Pakistani politician

Muhammad Azhar Khan Jadoon (both 3 April 1960) is a Pakistani politician who served as a member of the National Assembly of Pakistan from June 2013 to May 2018.

==Early life==
Jadoon was born on 3 April 1960.

==Political career==

Jadoon ran for the seat of the National Assembly of Pakistan as an independent candidate from Constituency NA-17 (Abbottabad-I) in the 2002 Pakistani general election but was unsuccessful. He received 30,949 votes and lost the seat to Amanullah Khan Jadoon.
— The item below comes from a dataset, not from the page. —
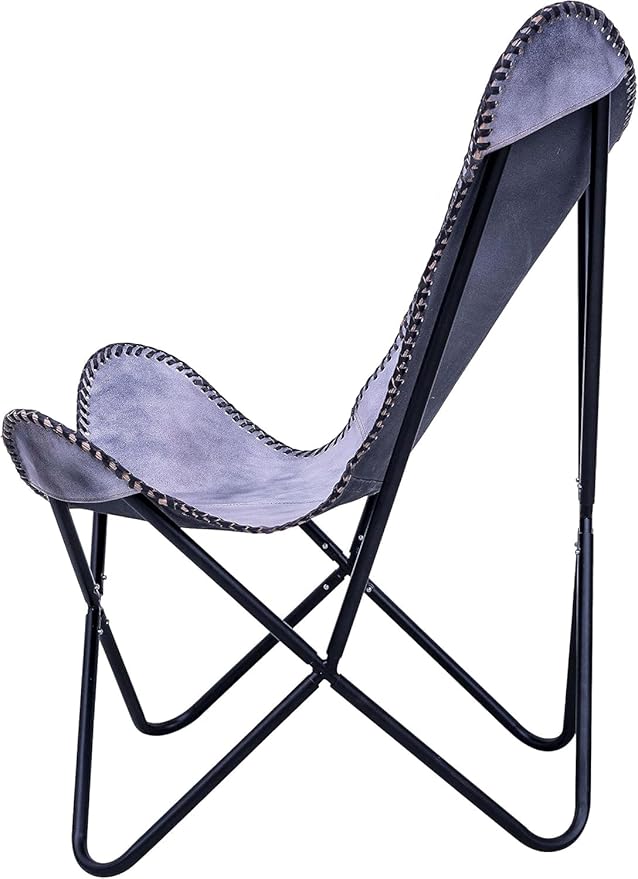 Grey Leather Butterfly Arm Chair -Handmade with Powder Coated Folding Iron Frame (Vintage Cover with Frame) (Grey+Black)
Jadoon ran for the seat of National Assembly as an independent candidate from Constituency NA-17 (Abbottabad-I) in the 2008 Pakistani general election but was unsuccessful. He received 36,668 votes and lost the seat to Sardar Mehtab Abbasi.

Jadoon was elected to the National Assembly as a candidate of Pakistan Tehreek-e-Insaf from Constituency NA-17 (Abbottabad-I) in the 2013 Pakistani general election. He received 96,549 votes and defeated Sardar Mehtab Abbasi.